Bayanduuren, right, Party secretary of Shavartai village, helps herdsman Otgonbileg put a black collar on livestock. The collars have chips that can transmit and receive location signals. [Photo by Khangai/For chinadaily.com.cn]

It's 6 am and Otgonbileg, a 55-year-old herdsman from Hanggin Banner in Ordos, Inner Mongolia autonomous region, is in no hurry to take his cattle to graze in the pastures like in the old days. Instead, he checks their location over real-time video in a phone app.

A "boss ox" among Otgonbileg's cattle wears a black collar with installed chips that can transmit and receive signals, enabling him to track the herd's movements. A solar panel on the collar keeps the device charged. Telephoto cameras installed on high ground along the area's pastures are controlled remotely to record and transmit videos to his phone.

The app is backed by China's Beidou Navigation Satellite System. As one of the four global networks providing navigation and positioning services, the Beidou system has provided full-scale global services since July 31. It can be used in a wide variety of fields, such as agriculture, fisheries, transportation and disaster relief.

Herdsmen in Ordos use the system to control water pumps, fueled by solar power, in the wild to give thirsty animals a drink.

"They don't need me now. The cattle can graze by themselves," Otgonbileg said.

For decades, herdsmen like Otgonbileg had to get up at dawn to take their cattle to the pastures and spend hours daily following them around while riding on horses or motorbikes, to ensure that the cattle were safe and returned to their farms on time.

"The technology has released me from such labor. I get more free time to do other things I like," he said.

Otgonbileg has about 100 head of cattle and 200 sheep. His pastures, located to the west of the Kubuqi Desert, cover 266 hectares. The harsh environment makes grazing tough.

"Before this system, we mainly judged locations for cattle by experience," he said.

One time he failed to find them after searching on his motorbike for about five hours. Later he found out he was only about 10 meters away from them at one point. "I didn't see them because sand dunes had obscured my view," he recalled.

"I don't think I could have continued working that way as I grew older."

He bought two collars for about 12,000 yuan ($1,730) each, and a water pump-control system for about 4,000 yuan in 2017.

"It's a bit expensive for herdsmen, but I think it's worth it," he said.

Now he has time for interests such as handicrafts. "I earned 40,000 to 50,000 yuan by selling handicraft items in recent years."

In August, Ejin Horoo Banner in Ordos launched a smart pasture project in Shavartai village, with plans to enable 53 families to use the system for free. All devices are to be installed and tested this month.

Bayanduuren, Party secretary of the village, said locals mainly make a living by selling beef cattle. For decades, incomes were low because of the high cost of raising cattle and low sale prices, and most people were dependent on jobs tending herds.

"It's important to modernize animal husbandry," he said, adding that if herdsmen can monitor their cattle remotely, they can make extra money by working at nearby tourist resorts or joining the bed-and-breakfast business.

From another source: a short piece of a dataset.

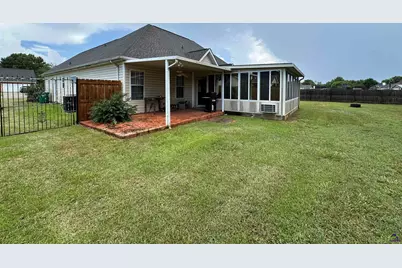 225 Autumn Woods Drive, Warner Robins, GA 31088 - Photo 2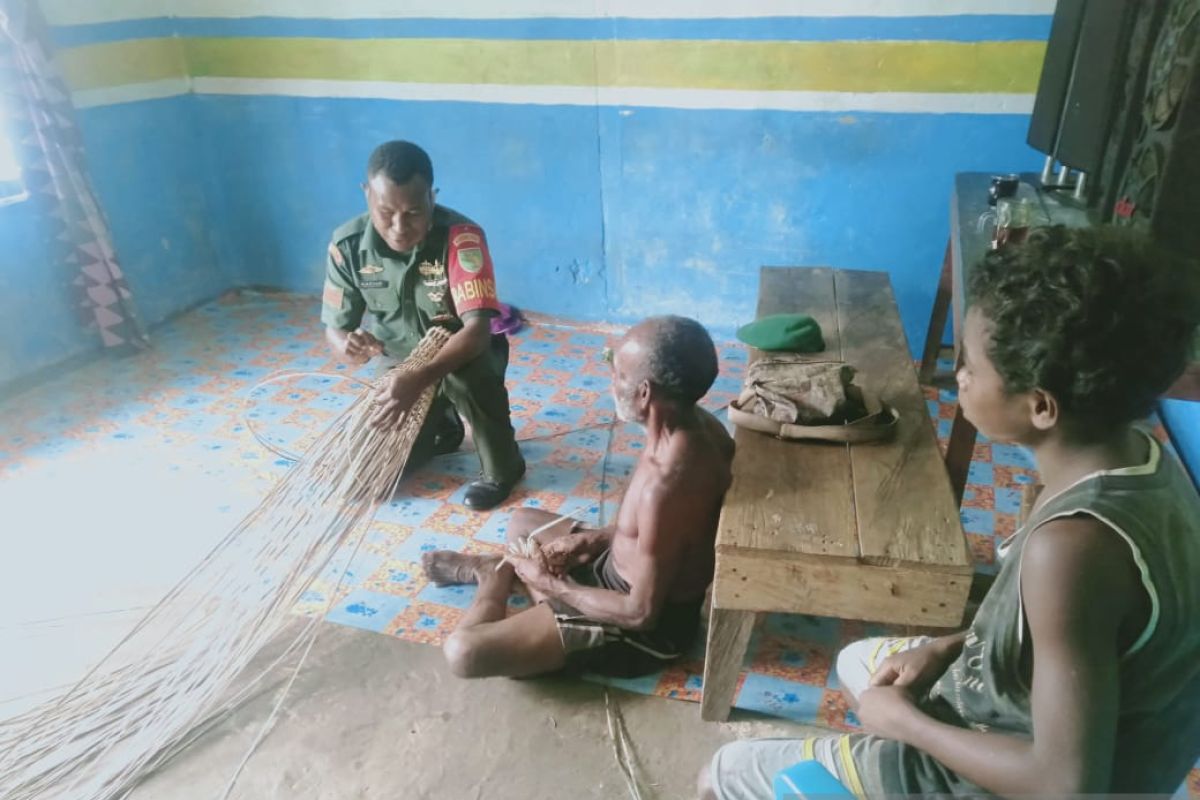 Babinsa Biak Barat bantu warga buat perangkat ikan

Only about 10 families in Shavartai have used the system since the village introduced it in 2016 because of its comparatively high price. Bayanduuren said the government plans to promote the system in the whole village in the next two years.

Otgonjargal, 50, a herdsman from Shavartai, has been using the system since last year. He said his family's income has also increased. They have more time for planting corn and making dairy products.

His parents used to graze 60 head of cattle for about nine hours a day, and now they don't have to work as hard, he added.

Chuluu, a local technical instructor for the Beidou system, said it can function in places with no signal as well. The app can count the number of steps taken by animals to prove they are in a pasture, and not just on a farm, which will help herdsmen also sell them at the higher price that range-fed beef commands.